● **Exercise directions**
Reproduce every line of the material below exactly. No pictures belong in the copy.

● **Stored data**
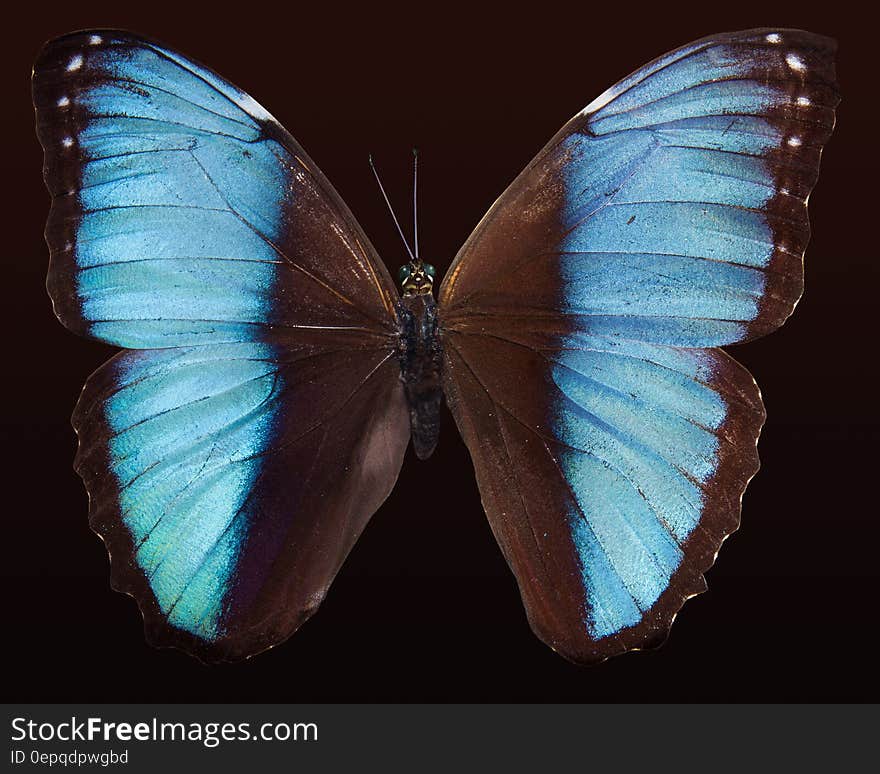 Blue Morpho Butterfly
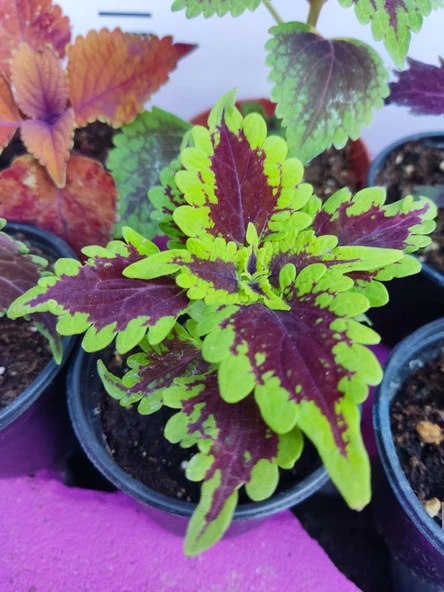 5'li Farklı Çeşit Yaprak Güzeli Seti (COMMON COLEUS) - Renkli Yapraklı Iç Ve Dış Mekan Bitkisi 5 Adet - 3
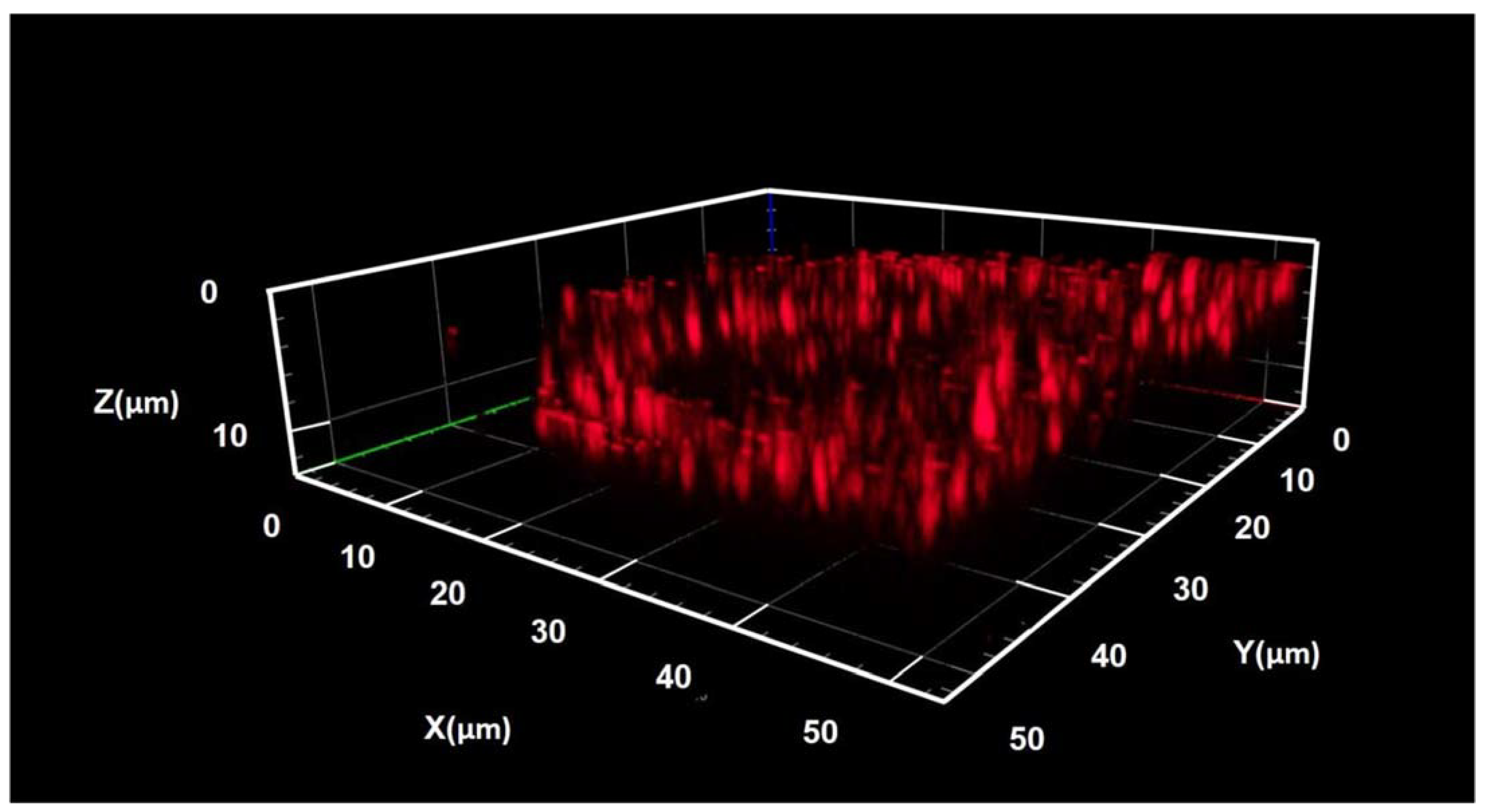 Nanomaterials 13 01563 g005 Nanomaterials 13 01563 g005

● **Expected answer**
 Blue Morpho Butterfly
 5'li Farklı Çeşit Yaprak Güzeli Seti (COMMON COLEUS) - Renkli Yapraklı Iç Ve Dış Mekan Bitkisi 5 Adet - 3
 Nanomaterials 13 01563 g005 Nanomaterials 13 01563 g005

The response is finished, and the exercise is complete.